● **WHAT THE EXERCISE ASKS**
Repeat the data word for word. Do not include the pictures.

________________________

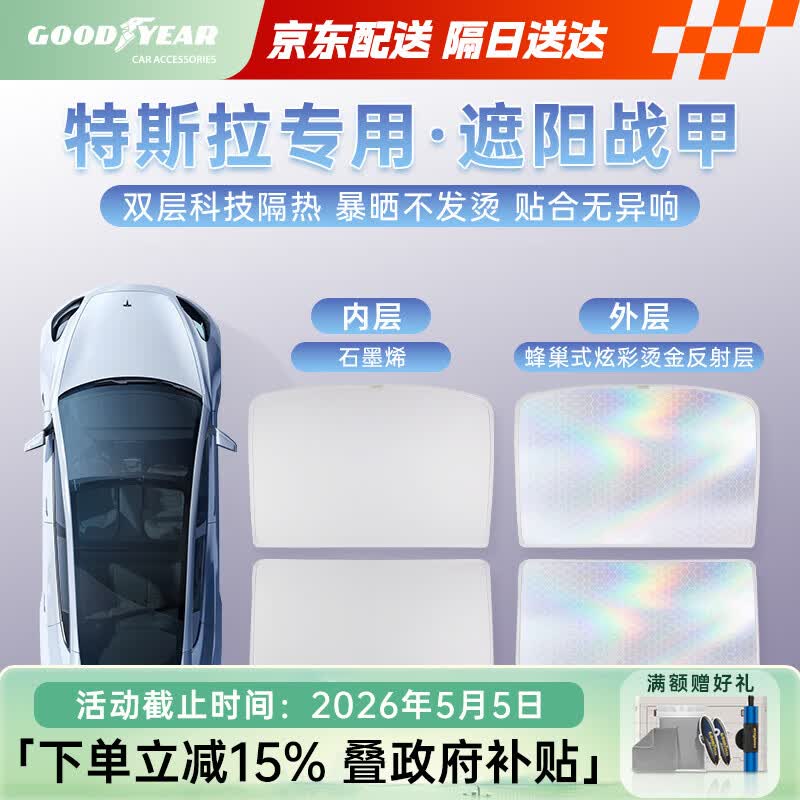 固特异（Goodyear）汽车遮阳帘适用特斯拉model y遮阳天幕防晒隔热车窗遮阳挡板双层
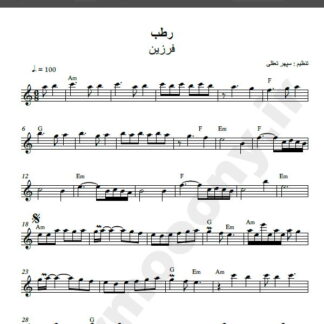 نت کیبورد آهنگ رطب از فرزین,نت آهنگ رطب فرزین برای کیبورد
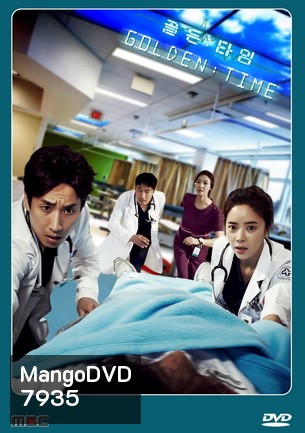 Golden Time นาทีชีวิต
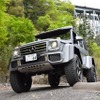 メルセデスベンツ G550 4×4 スクエアード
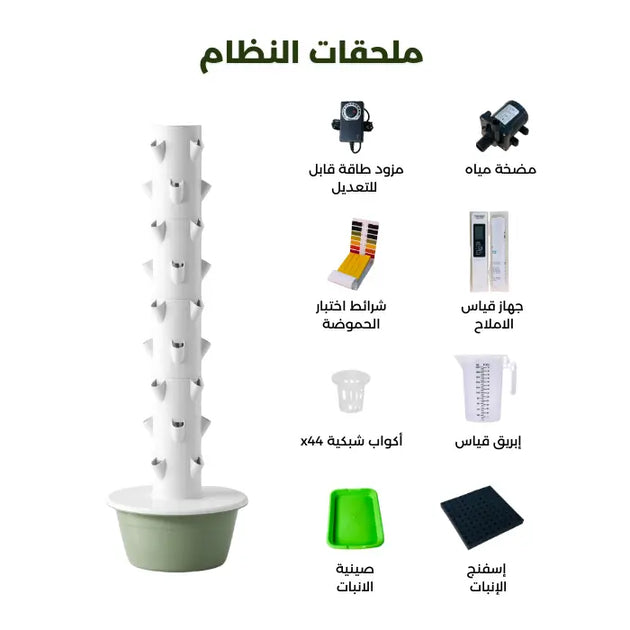 Hydroponics Vertical Sky Tower System (44 Holes) MHB Hydroponics
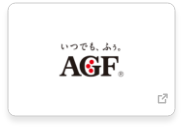 AGF(味の素ゼネラルフーヅ)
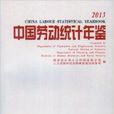 中国劳动统计年鉴2013（附光碟1张）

________________________

● **RESPONSE BOX**
 固特异（Goodyear）汽车遮阳帘适用特斯拉model y遮阳天幕防晒隔热车窗遮阳挡板双层
 نت کیبورد آهنگ رطب از فرزین,نت آهنگ رطب فرزین برای کیبورد
 Golden Time นาทีชีวิต
 メルセデスベンツ G550 4×4 スクエアード
 Hydroponics Vertical Sky Tower System (44 Holes) MHB Hydroponics
 AGF(味の素ゼネラルフーヅ)
 中国劳动统计年鉴2013（附光碟1张）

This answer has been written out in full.